La madre música, que en paz descanse, es aquella que con unos violines puede mostrar la nostalgia y la alegría de un modo que ni el mejor escritor podría. Que con un piano puede conmocionar a todo un público o infundirle esperanzas y alegría de vivir. Que con una orquesta puede acercar el mar hasta el mismo escenario o recrear la más cruda batalla.

Y por ello, como mínimo se merece el silencio exterior y como término medio que llegue a todas las paredes y no se quede en los oídos de unos pocos. Pero la manera de escuchar a los grandes es en directo, tal y como ellos hubieran tocado. Interpretados por personas cualificadas, con verdadera pasión y en ocasiones discípulos de los grandes músicos, es decir, músicos.

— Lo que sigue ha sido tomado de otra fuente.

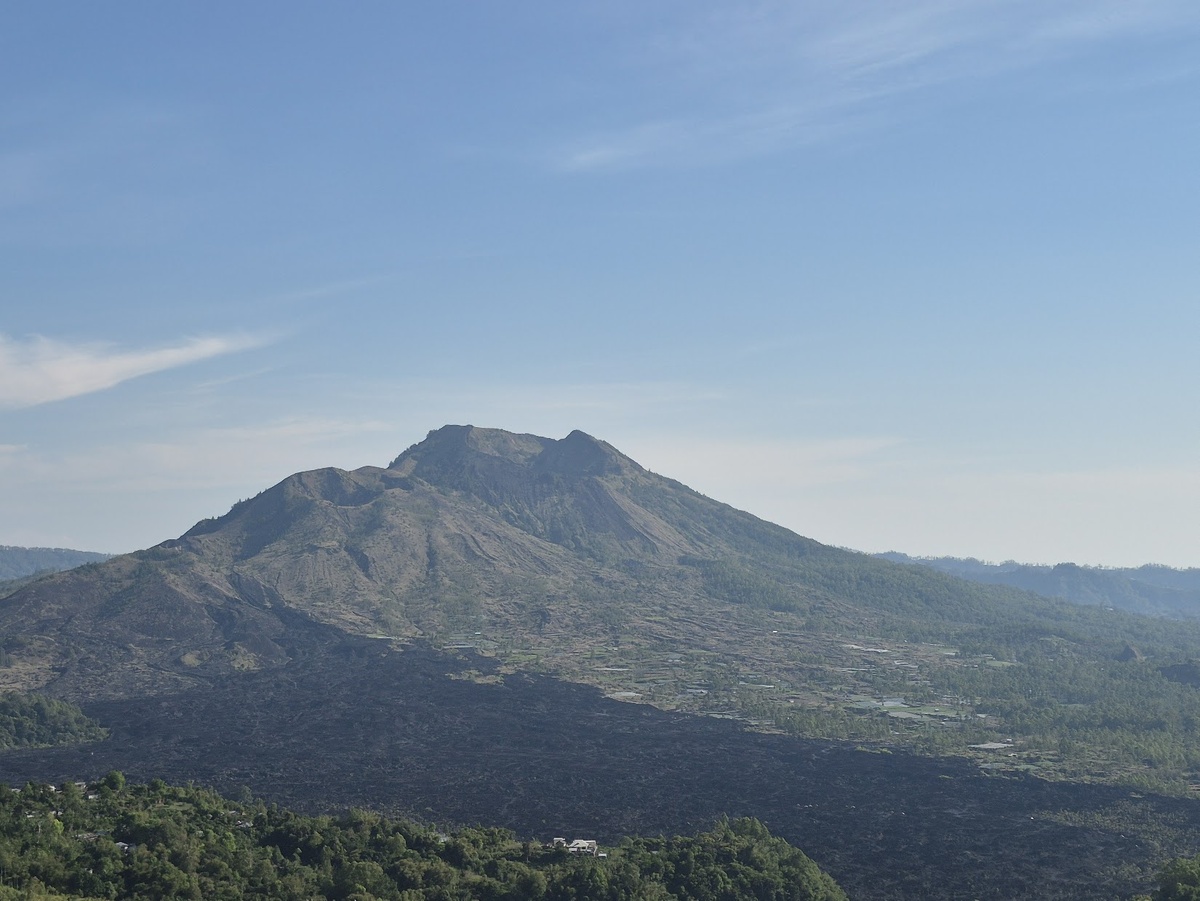 Вид с вершины вулкана Батур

Llegando ya al tema central, cabe decir que no se pretende ofender a los intérpretes, compositores y fanáticos de las derivaciones musicales ya que somos todos, sino, llamar la atención sobre la música en su esencia. Es difícil convencer a la totalidad y, especialmente, a los jóvenes pero una vez entrado en el mundo del arte, no hay manera de salir. No es complicado encontrar jóvenes pintores que disfrutan de la música mientras realizan su tarea, incluso algunos que dicen sentirse inspirados por ella. O amantes de la lectura que han identificado determinadas obras maestras con grandes compositores, bailarinas que imaginan enormes coreografías al escuchar a Tchaikovsky. Y sin alejarse tanto de los que no son artistas, una buena banda sonora es la que, junto con una película aceptable, nos hace salir maravillados del cine.

Así pues, son los músicos, los bailarines y los pintores, incluso los escritores y lectores, los que tienen más tendencia a escuchar a la madre música y disfrutarla en distintos grados, siempre respetándola y dándole lo que se merece, arte. Pero estos, como personas corrientes que también son, escuchan las derivaciones y la música del momento. Sin embargo, son estos los que sienten verdadera pasión por la música, los que pueden escuchar la canción más rockera y saltar de ánimo, sentir el mar en los pies con Debussy o descubrir un grupo desconocido y llegar a amarlos por su originalidad.

Porque el gusto cuanto más amplio es, más abierta hace a la persona y, con ello, más pasional. No conocemos realmente nuestro límite pasional. Pero lo que puedo asegurar es que el corazón, por naturaleza, tiende a enamorarse más fácilmente de aquella música que puede comprender. Ésta es aquella que más se acerca a la misma naturaleza de la que procede el corazón, la que más se acerca a la esencia de la música, la que emplea naturaleza en estado puro. Aquella que el simple ciudadano pudo vivir en primera persona, que no solo expresa el amor humano por la naturaleza, sino que la llama.

Preservemos, por ello, la música tal y como la inventamos al inicio de nuestra Historia. Y no olvidemos nunca por qué, para qué y cómo la hicimos para que así las generaciones precedentes puedan disfrutarla alternándola con la evolución de las derivaciones. Para que desarrollen su gusto musical.